**Assignment**.
For the records below, output word for word the lines from the one with "Looking at the" up to and including the one with "Copy the following". No pictures.

**Excerpted records**.
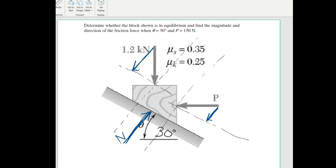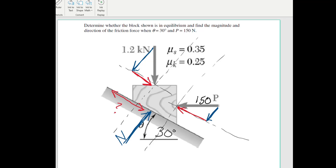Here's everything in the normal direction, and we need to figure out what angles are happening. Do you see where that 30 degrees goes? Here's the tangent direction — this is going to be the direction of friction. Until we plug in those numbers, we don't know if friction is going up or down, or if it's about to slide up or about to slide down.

* * *

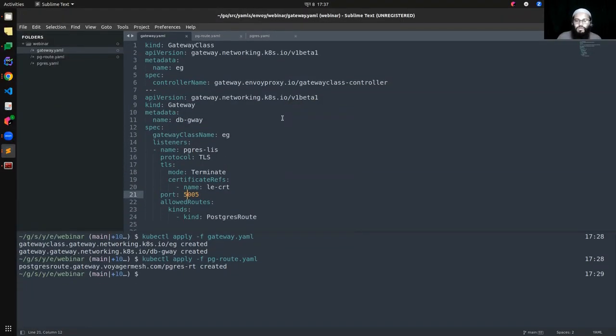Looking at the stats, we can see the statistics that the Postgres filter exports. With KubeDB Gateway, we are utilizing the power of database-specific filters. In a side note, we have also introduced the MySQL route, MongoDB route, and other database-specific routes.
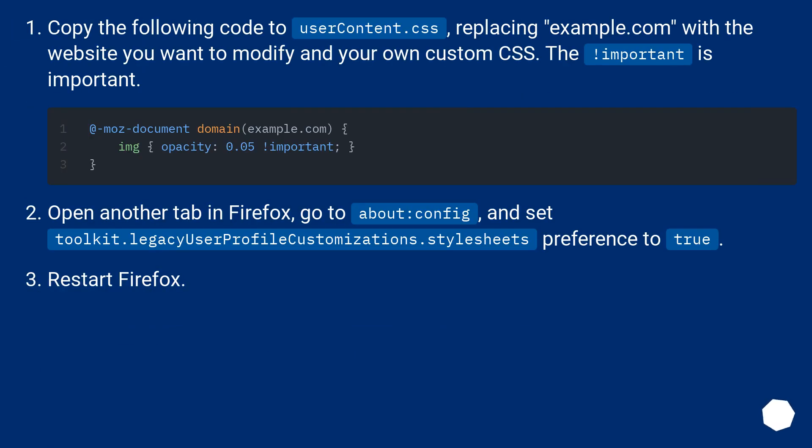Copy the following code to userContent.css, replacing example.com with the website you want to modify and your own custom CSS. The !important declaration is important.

**Task solution**.
Looking at the stats, we can see the statistics that the Postgres filter exports. With KubeDB Gateway, we are utilizing the power of database-specific filters. In a side note, we have also introduced the MySQL route, MongoDB route, and other database-specific routes.
Copy the following code to userContent.css, replacing example.com with the website you want to modify and your own custom CSS. The !important declaration is important.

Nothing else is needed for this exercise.